Bjarne Kreitz (left) with Professor Hannsjörg Freund (TU Dortmund), who is the chairman of the DECHEMA/VDI Reaction Engineering Division
Bjarne Kreitz, an assistant professor in Georgia Tech's School of Chemical and Biomolecular Engineering, received the prestigious Hanns-Hofmann Award from the DECHEMA/VDI subject division Reaction Engineering.
DECHEMA is the German equivalent of the American Institute of Chemical Engineers. The prize is awarded every year to an outstanding early-career chemical reaction engineer whose innovative research demonstrates a distinctive scientific profile.

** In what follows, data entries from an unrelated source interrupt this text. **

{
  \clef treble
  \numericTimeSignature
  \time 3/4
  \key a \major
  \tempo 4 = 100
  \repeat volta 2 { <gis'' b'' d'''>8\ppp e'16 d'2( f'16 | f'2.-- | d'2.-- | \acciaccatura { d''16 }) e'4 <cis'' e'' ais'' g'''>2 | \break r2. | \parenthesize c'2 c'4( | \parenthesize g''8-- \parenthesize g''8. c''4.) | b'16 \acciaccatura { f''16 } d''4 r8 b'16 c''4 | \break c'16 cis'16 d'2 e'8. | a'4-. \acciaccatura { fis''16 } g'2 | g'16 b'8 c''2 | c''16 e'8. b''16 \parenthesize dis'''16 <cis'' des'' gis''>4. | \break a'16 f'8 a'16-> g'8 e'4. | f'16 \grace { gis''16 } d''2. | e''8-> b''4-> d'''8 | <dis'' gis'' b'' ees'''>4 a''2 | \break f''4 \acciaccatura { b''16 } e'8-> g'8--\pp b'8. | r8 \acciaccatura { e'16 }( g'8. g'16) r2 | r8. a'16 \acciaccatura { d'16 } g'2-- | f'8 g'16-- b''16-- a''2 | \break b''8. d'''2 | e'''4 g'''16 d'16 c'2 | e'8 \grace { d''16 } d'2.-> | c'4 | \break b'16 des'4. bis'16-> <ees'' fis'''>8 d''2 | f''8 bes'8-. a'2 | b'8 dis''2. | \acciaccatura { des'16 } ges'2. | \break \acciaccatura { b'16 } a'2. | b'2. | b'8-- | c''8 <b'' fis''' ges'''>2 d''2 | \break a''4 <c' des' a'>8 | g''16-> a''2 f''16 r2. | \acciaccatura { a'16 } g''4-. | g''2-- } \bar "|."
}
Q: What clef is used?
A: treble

Kreitz won the award for his pioneering work on the automated construction of reaction mechanisms for heterogeneously catalyzed reactions and multiscale modeling with uncertainty quantification.

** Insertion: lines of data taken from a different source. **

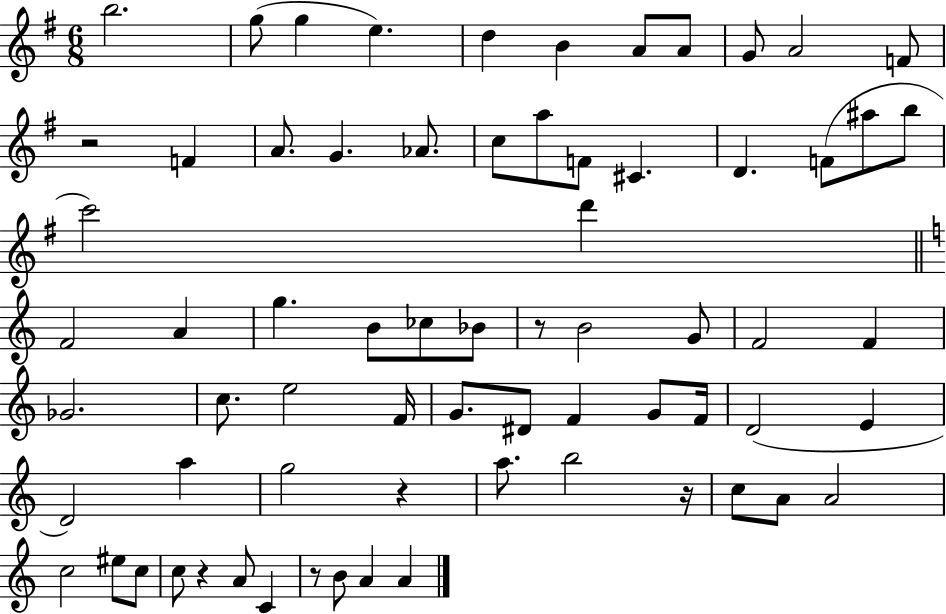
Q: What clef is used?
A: treble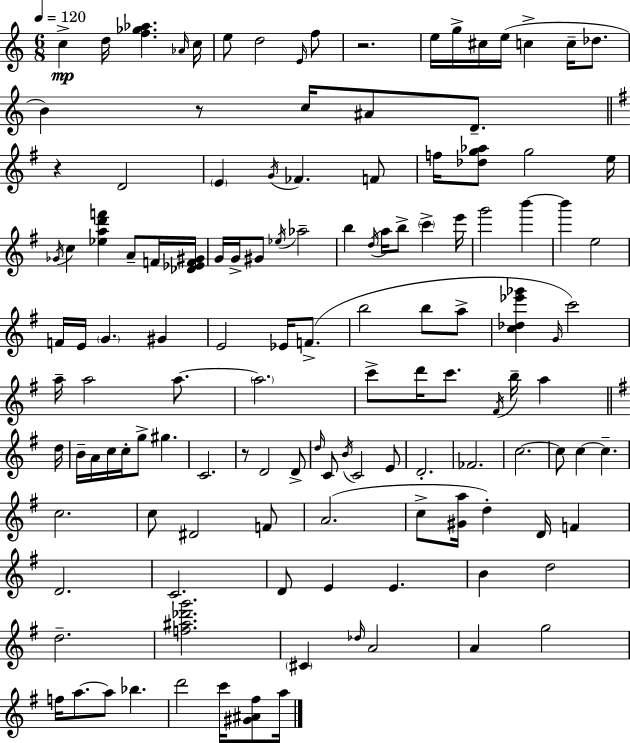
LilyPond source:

{
  \clef treble
  \numericTimeSignature
  \time 6/8
  \key a \minor
  \tempo 4 = 120
  c''4->\mp d''16 <f'' ges'' aes''>4. \grace { aes'16 } | c''16 e''8 d''2 \grace { e'16 } | f''8 r2. | e''16 g''16-> cis''16 e''16( c''4-> c''16-- des''8. | \break b'4) r8 c''16 ais'8 d'8.-- | \bar "||" \break \key e \minor r4 d'2 | \parenthesize e'4 \acciaccatura { g'16 } fes'4. f'8 | f''16 <des'' g'' aes''>8 g''2 | e''16 \acciaccatura { ges'16 } c''4 <ees'' a'' d''' f'''>4 a'8-- | \break f'16 <des' ees' f' gis'>16 g'16 g'16-> gis'8 \acciaccatura { ees''16 } aes''2-- | b''4 \acciaccatura { d''16 } a''16 b''8-> \parenthesize c'''4-> | e'''16 g'''2 | b'''4~~ b'''4 e''2 | \break f'16 e'16 \parenthesize g'4. | gis'4 e'2 | ees'16 f'8.->( b''2 | b''8 a''8-> <c'' des'' ees''' ges'''>4 \grace { g'16 }) c'''2 | \break a''16-- a''2 | a''8.~~ \parenthesize a''2. | c'''8-> d'''16 c'''8. \acciaccatura { fis'16 } | b''16-- a''4 \bar "||" \break \key g \major d''16 b'16-- a'16 c''16 c''16-. g''8-> gis''4. | c'2. | r8 d'2 d'8-> | \grace { d''16 } c'8 \acciaccatura { b'16 } c'2 | \break e'8 d'2.-. | fes'2. | c''2.~~ | c''8 c''4~~ c''4.-- | \break c''2. | c''8 dis'2 | f'8 a'2.( | c''8-> <gis' a''>16 d''4-.) d'16 f'4 | \break d'2. | c'2. | d'8 e'4 e'4. | b'4 d''2 | \break d''2.-- | <f'' ais'' des''' g'''>2. | \parenthesize cis'4 \grace { des''16 } a'2 | a'4 g''2 | \break f''16 a''8.~~ a''8 bes''4. | d'''2 | c'''16 <gis' ais' fis''>8 a''16 \bar "|."
}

Kretiz said this work has laid the foundation for a universally applicable framework that enables atomistic insights into complex catalytic processes, which the chemical reaction engineering community can leverage to address key challenges.
He received the honor during the recent Annual Meeting on Reaction Engineering 2025 in Würzburg, Germany. In addition to the 1000 Euro prize, Kreitz delivered a plenary lecture at the conference titled “Progress towards predictive multiscale modeling in heterogeneous catalysis.”
The award is named after Professor Hanns Hofmann, who has significantly shaped chemical reaction engineering in Germany and established it as a distinct academic field of study.